* _COLLECTED DATA_
[Start of Attachment]
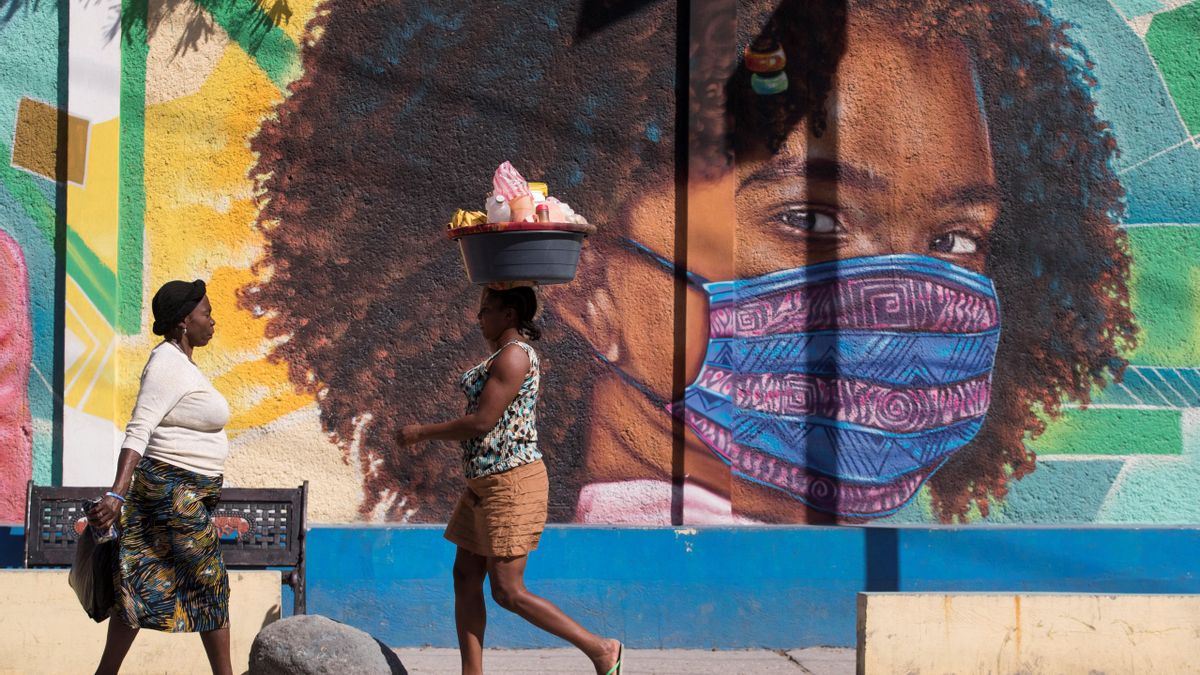 Dos mujeres caminan frente a un mural alusivo al uso del tapabocas por el coronavirus en Puerto Príncipe (Haití). EFE/ Orlando Barría/Archivo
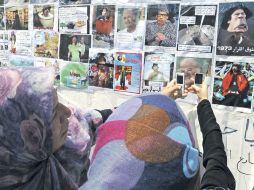 Mujeres toman fotografías con su celular a las imágenes que caricaturizan al ex líder libio. EFE  /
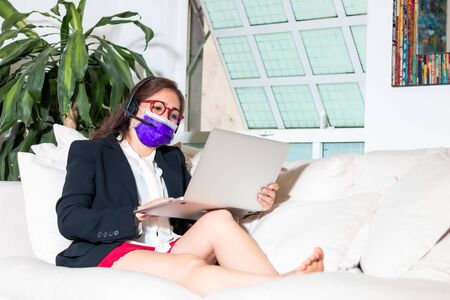Business woman on conference call from home for coronavirus quarantine. face mask.の写真素材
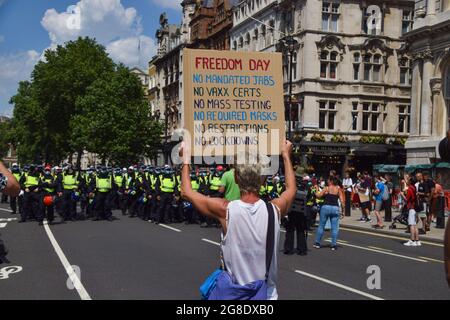 London, Großbritannien. Juli 2021. Ein Protestler hält während der Demonstration in der Parliament Street ein Anti-Restriktionen-Plakat zum Freedom Day vor der Polizei.Demonstranten versammelten sich am Freedom Day, dem Tag, an dem die meisten Beschränkungen des Coronavirus in England aufgehoben wurden, um gegen die COVID-19-Impfung zu protestieren, Impfpass und alle verbleibenden Beschränkungen. Kredit: SOPA Images Limited/Alamy Live Nachrichten Stockfoto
[End of Attachment]
* _EXERCISE OBJECTIVE_
Leave out the pictures and retype every line above exactly.

* _RESPONSE BELOW_
 Dos mujeres caminan frente a un mural alusivo al uso del tapabocas por el coronavirus en Puerto Príncipe (Haití). EFE/ Orlando Barría/Archivo
 Mujeres toman fotografías con su celular a las imágenes que caricaturizan al ex líder libio. EFE  /
Business woman on conference call from home for coronavirus quarantine. face mask.の写真素材
 London, Großbritannien. Juli 2021. Ein Protestler hält während der Demonstration in der Parliament Street ein Anti-Restriktionen-Plakat zum Freedom Day vor der Polizei.Demonstranten versammelten sich am Freedom Day, dem Tag, an dem die meisten Beschränkungen des Coronavirus in England aufgehoben wurden, um gegen die COVID-19-Impfung zu protestieren, Impfpass und alle verbleibenden Beschränkungen. Kredit: SOPA Images Limited/Alamy Live Nachrichten Stockfoto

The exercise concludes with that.